**WHAT THE EXERCISE ASKS:** This exercise calls for an exact copy of the listing, with no pictures kept.

(DATASET EXTRACT begins)

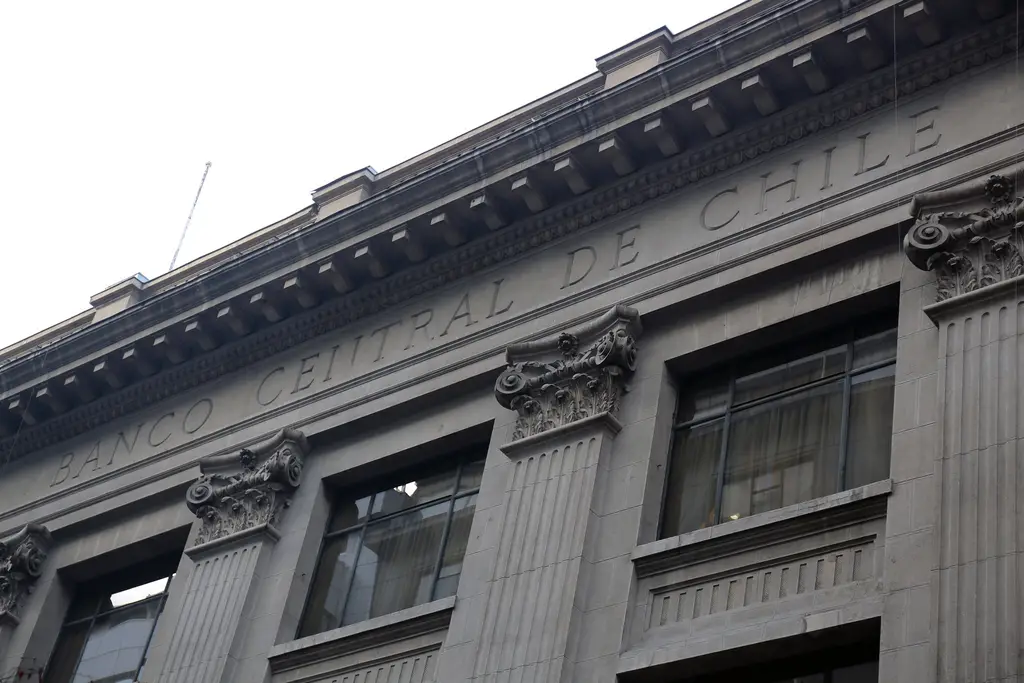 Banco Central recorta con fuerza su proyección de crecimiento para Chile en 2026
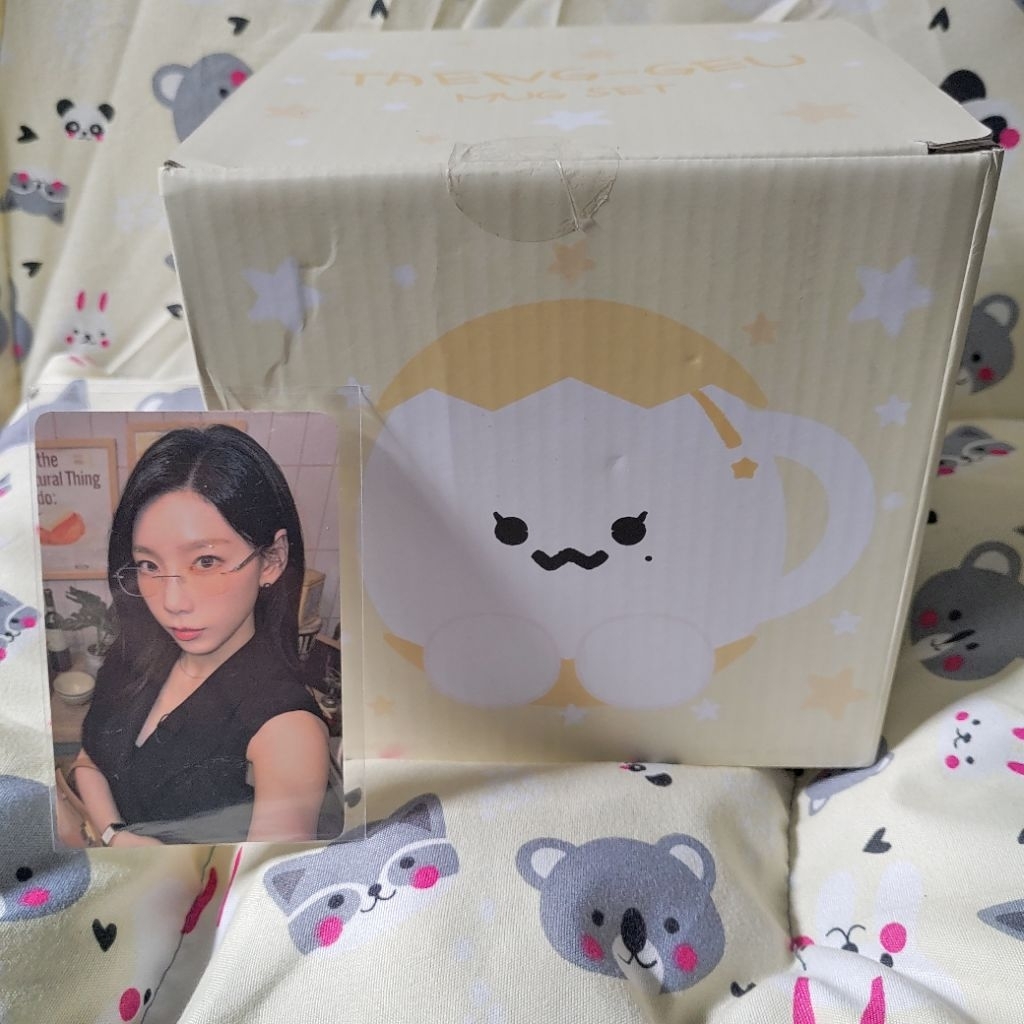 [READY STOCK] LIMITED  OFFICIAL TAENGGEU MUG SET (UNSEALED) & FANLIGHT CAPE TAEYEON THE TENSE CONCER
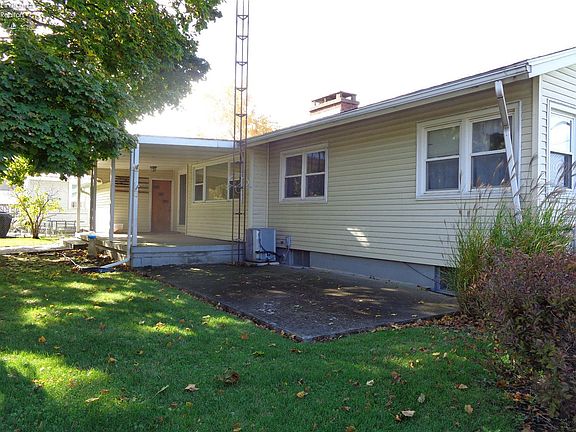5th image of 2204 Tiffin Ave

(DATASET EXTRACT ends)

**RESPONSE BELOW:**
 Banco Central recorta con fuerza su proyección de crecimiento para Chile en 2026
 [READY STOCK] LIMITED  OFFICIAL TAENGGEU MUG SET (UNSEALED) & FANLIGHT CAPE TAEYEON THE TENSE CONCER
5th image of 2204 Tiffin Ave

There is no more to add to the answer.